Gold, silver, and copper have been used mostly for the synthesis of stable dispersions of nanoparticles, which are useful in areas such as photography, catalysis, biological labelling, photonics, optoelectronics and surface-enhanced Raman scattering (SERS) detection. Concern over the potentially harmful effects of such nanoparticles has stimulated the advent of nanotoxicology as a unique and significant research discipline. However, the majority of the published nanotoxicology articles have focused on mammalian cytotoxicity or impacts to animals and bacteria, and only a few studies have considered the toxicity of nanoparticles to plants and other non target organism [15]. In the present study, the toxic effect of metallic nanoparticles on Nomuraea rileyi was discussed.

Materials and Methods

Sampling Sources

Agricultural field soil was collected from the different parts of Tamil Nadu belonging to Nanmangalam (Kanchipuram), Hasthampatty (Salem), Rajakoil (Vellore), Veeranam Thiruvanamalai,Mattuthanvani (Madurai), Vadavalli (Coimbatore), Pullarakottai (Viruthunagar), Pullarakottai Road (Viruthunagar) Pondicherry, Cunnur (Nilgiris). For each soil sampling site, 1.5 to 2 kg soil was collected from 5 points randomly and mixed to obtain homogenous sample, the homogenized soil samples were kept in sterile polythene bags and brought to the laboratory.

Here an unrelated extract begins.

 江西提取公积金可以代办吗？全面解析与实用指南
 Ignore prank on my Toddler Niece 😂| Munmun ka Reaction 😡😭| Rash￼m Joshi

Physicochemical of soil analysis

Before microbial analysis, soil aggregates were broken by hands, trays with soil were kept open until moisture was at equilibrium [2]. Soil texture pH electrical conductivity organic matter nitrate, phosphorous, potassium, calcium, magnesium sulphur, sodium, zinc, iron, copper were determined for all soil collected. These measurements were determined in national agro foundation at Taramani Tamil Nadu, India.

Isolation of N. rileyi

Soil dilution method was adopted for natural occurrence of N. Rileyi. 1 gm of homogenized sample was suspended in 99 ml of sterilized distilled water mixed well and serially diluted. 1 ml of aliquots was transferred to sterile petriplates, 20 ml of sterile molten CTC (chloramphenicol, Thiabendazole, cycloheximide media)+PDA Agar media consisting of potato dextrose agar supplemented with 0.5 gm/l Chloramphenicol 0.01 gm, Thiabendazole 0.25 gm, Cyclohexamide was added, allowed to solidify. The seeded plates were incubated at 25°C in an incubator for 3-7 days. Fungal colonies were isolated after the incubation period, respective fungal colonies were purified and the pure culture was stored on CTC media agar slant. Identification of fungal culture was determined by morphological characteristics and microscopic examination of the spores by lactophenol cotton blue staining.

Evaluation of toxic effect of metallic nanoparticles on the post treatment resistance of N.rileyi

In the present study, chitosan coated metallic nanoparticles such as silver; copper was selected to evaluate toxic effect.

Synthesis of silver and copper nanoparticles: Silver nanoparticles were synthesized by chemical reduction of 1 mM silver nitrate with 1 mM sodium borohydride as reducing agent. Synthesis of silver nanoparticles was confirmed by the conversion of the reaction mixture into brown colour and further characterization of the synthesized silver nanoparticles was carried out with determination of Plasmon absorption maxima with UV-VIS spectroscopy and particle morphology with electron microscopy (SEM). Similarly copper nanoparticles were synthesized by chemical reduction of 1 mM copper sulphate (Sigma, analytical grade) with 1 mM sodium borohydride (Sigma, analytical grade) as reducing agent. Synthesis of copper nanoparticles was confirmed by the conversion of the reaction mixture into green colour and further characterization of the synthesized nanoparticles was carried out with determination of Plasmon absorption maxima with UV-Vis spectroscopy and particle morphology with Scanning Electron Microscopy (TEM) and energy dispersive X-ray spectroscopy. Synthesized nanoparticles were purified by successive centrifugation by 10,000 rpm and the collected pellets were washed thrice with deionised water, the washed suspension thus obtained was freeze dried.

Characterization

Determination of Plasmon absorption maxima of the reaction mixture with UV-VIS spectra is the primary confirmation of the synthesis of nanoparticles. UV VIS absorption spectrum was carried out with Thermo scientific spectrascan UV 2700 spectrophotometer operating in the transmission mode. Scanning Electron Microscopy (SEM) images were recorded by using Carl zeiss subra (Germany scanning electron microscope equipped with an Energy-dispersive Spectrum (EDS) capability.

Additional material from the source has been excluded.